We describe how to extract higher-level models
expressed in terms of UML diagrams from object-
oriented code. We believe that ADRE approach
provides benefits with respect to processes based
only on traditional reverse engineering techniques.
Interoperability between the tools and services of the
adherents of the standards is facilitated achieving
well-defined interfaces and well-defined formats for
interchange of information about software models
used by the software modernization tools.
Our case study shows how to recover sequence
diagrams that describe invocation resolution for
relevant methods obtaining diagrams that only show
the calls made directly from the method of interest.
Currently, we are extending the KDM2interaction
transformation to obtain more complete diagrams.

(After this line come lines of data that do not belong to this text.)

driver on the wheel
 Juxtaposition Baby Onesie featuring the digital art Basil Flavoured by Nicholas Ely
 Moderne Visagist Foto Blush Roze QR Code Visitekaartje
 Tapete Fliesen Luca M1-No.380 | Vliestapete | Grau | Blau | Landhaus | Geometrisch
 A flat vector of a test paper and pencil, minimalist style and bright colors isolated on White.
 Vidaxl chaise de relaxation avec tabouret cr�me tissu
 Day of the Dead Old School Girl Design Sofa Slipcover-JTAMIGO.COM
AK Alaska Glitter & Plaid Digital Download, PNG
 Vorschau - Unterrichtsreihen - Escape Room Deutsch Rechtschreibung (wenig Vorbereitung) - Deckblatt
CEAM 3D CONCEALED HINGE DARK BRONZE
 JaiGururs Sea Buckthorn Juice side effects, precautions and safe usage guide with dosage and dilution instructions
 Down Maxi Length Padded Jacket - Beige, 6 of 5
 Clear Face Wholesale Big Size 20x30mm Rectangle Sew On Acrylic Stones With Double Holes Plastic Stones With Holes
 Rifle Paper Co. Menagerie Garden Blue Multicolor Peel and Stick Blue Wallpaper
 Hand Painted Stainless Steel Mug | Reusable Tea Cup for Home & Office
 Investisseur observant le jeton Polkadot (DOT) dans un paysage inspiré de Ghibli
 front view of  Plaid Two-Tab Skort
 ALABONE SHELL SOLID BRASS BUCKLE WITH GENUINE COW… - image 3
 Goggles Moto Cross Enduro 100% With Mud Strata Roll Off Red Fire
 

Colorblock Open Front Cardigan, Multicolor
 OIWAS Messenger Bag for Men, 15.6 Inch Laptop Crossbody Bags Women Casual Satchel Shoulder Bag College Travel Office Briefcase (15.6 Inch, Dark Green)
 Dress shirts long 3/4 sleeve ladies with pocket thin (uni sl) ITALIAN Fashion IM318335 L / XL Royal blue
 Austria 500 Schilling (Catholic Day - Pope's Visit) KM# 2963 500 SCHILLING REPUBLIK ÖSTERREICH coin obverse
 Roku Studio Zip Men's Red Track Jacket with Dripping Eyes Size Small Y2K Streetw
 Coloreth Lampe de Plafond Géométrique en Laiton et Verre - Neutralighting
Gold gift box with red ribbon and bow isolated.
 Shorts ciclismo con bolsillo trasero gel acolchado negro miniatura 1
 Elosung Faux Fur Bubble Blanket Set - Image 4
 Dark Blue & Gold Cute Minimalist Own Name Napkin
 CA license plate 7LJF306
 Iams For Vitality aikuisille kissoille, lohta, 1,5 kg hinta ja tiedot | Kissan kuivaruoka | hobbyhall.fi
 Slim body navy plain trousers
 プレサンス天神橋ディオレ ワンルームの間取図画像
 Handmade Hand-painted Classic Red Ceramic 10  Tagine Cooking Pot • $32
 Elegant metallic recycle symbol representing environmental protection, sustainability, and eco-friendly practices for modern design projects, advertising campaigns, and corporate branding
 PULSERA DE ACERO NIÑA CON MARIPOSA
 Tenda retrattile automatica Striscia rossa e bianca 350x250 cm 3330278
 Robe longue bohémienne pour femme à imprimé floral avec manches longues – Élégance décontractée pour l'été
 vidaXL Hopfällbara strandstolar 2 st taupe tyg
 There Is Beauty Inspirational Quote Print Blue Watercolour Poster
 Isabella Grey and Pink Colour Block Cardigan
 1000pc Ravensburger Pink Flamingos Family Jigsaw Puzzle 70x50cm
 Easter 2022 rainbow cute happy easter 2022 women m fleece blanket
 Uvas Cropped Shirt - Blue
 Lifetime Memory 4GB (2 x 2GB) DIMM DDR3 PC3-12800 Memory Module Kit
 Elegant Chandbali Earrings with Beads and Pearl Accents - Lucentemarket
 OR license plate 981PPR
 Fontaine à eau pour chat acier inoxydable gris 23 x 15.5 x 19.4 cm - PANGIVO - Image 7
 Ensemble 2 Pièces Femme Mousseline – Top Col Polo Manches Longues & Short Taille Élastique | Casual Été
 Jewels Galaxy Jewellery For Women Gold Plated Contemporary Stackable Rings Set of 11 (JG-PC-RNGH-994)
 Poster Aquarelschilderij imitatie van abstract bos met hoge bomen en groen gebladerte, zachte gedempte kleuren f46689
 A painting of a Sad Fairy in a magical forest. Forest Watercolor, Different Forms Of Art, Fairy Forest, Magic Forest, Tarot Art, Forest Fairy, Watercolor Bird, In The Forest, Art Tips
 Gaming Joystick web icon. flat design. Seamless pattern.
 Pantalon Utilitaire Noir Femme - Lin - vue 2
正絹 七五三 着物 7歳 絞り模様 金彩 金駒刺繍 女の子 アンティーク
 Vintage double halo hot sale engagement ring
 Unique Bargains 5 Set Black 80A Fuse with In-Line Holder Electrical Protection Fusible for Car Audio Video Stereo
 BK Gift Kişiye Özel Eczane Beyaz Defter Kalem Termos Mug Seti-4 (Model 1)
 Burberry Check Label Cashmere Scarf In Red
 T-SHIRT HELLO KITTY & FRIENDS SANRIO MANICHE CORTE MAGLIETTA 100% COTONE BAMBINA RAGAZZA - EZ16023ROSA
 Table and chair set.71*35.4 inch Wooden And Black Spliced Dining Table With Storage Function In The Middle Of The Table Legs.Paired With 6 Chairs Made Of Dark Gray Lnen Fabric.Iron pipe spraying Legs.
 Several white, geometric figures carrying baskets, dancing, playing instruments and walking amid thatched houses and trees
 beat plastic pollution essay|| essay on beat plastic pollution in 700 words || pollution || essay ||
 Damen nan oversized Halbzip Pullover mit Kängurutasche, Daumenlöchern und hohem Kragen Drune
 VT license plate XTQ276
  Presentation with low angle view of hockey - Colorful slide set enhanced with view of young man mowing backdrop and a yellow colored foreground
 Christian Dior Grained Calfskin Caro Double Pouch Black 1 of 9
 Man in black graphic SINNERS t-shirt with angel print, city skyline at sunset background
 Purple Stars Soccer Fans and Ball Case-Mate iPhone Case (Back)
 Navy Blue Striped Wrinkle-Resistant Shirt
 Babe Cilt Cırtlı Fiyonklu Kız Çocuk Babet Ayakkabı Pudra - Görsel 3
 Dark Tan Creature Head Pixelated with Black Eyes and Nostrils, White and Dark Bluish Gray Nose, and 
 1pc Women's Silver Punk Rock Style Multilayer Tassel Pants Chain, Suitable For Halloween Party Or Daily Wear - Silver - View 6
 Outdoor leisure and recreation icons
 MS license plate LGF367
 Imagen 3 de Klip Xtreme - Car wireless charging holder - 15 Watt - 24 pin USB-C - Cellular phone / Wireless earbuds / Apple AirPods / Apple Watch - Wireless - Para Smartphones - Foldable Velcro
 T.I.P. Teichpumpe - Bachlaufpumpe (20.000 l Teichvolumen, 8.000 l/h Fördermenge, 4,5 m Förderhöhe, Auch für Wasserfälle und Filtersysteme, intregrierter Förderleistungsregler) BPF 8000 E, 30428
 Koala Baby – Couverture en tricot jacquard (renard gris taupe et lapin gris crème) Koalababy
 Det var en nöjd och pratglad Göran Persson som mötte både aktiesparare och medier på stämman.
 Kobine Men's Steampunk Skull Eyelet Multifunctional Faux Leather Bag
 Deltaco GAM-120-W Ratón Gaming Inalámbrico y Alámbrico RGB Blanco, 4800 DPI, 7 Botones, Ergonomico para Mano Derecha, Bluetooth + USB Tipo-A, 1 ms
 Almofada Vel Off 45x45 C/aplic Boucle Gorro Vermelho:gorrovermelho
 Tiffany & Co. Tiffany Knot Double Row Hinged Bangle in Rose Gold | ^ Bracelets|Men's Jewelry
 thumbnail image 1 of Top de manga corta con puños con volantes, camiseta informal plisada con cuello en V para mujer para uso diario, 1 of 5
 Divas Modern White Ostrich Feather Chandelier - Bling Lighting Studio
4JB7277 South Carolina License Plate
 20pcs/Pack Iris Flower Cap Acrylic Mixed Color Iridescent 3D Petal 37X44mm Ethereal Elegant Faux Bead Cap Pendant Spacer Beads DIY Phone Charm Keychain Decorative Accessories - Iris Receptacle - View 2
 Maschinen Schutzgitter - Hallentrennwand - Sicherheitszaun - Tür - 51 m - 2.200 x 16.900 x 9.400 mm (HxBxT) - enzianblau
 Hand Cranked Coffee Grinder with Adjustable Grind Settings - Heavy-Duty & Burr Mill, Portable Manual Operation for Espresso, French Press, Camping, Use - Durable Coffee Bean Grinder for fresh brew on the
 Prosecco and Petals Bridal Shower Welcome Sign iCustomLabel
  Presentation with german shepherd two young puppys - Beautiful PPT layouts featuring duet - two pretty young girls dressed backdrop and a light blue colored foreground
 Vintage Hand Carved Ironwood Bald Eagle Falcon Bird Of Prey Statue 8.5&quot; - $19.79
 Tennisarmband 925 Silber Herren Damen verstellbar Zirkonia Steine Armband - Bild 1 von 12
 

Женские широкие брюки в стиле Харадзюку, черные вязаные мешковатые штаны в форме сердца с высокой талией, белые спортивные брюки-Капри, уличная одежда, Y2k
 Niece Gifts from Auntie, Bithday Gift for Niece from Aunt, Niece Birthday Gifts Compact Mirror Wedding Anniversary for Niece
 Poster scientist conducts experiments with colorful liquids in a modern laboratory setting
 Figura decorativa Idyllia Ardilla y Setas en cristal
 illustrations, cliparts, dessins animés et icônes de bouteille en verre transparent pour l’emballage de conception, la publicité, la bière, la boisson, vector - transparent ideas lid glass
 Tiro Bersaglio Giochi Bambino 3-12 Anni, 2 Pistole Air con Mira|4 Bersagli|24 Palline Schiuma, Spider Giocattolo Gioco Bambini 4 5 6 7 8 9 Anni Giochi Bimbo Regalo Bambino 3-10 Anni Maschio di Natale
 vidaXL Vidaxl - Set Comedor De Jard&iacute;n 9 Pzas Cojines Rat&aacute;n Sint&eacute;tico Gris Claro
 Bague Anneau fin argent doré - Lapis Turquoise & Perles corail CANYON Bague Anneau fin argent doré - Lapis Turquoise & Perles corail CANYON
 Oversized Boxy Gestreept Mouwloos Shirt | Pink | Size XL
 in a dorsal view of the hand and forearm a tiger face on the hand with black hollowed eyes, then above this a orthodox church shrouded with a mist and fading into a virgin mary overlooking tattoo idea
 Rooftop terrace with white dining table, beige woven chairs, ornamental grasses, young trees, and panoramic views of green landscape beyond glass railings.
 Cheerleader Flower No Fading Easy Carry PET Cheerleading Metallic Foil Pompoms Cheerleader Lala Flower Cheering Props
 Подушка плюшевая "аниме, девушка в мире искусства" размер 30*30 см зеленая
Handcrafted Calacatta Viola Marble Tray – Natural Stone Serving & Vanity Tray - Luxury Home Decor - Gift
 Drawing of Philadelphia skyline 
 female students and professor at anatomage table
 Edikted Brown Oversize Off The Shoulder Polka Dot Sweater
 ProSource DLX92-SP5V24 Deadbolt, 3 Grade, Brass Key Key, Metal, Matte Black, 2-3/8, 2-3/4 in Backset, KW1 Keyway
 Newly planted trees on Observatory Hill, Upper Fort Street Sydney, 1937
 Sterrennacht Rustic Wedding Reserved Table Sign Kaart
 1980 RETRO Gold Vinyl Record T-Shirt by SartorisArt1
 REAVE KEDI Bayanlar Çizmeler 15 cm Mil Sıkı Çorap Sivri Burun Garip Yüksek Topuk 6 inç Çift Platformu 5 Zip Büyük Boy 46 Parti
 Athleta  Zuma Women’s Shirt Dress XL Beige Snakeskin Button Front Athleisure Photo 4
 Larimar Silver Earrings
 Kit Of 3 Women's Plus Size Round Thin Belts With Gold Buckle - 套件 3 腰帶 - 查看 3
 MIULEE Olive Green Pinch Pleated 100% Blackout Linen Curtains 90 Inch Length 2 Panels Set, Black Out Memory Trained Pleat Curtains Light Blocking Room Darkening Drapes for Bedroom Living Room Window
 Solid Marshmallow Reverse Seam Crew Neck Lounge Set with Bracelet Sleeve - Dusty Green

At present, we are testing our approach on a
Customer Relationship Management (CRM)
application. We are adapting an existing desktop
CRM application to mobile platforms achieving
interoperability with multiple mobile platforms. The
idea is to use different layers of abstraction that can
map a ‘write once’ application into native executable
programs that will run on multiple platforms. To
achieve this, a metamodel for the Haxe language
was specified.
Other future activities in reverse engineering
should push towards a tight integration of dynamic
analysis and human feedback into automatic reverse
engineering techniques. The idea is to learn from
expert feedback to automatically produce results.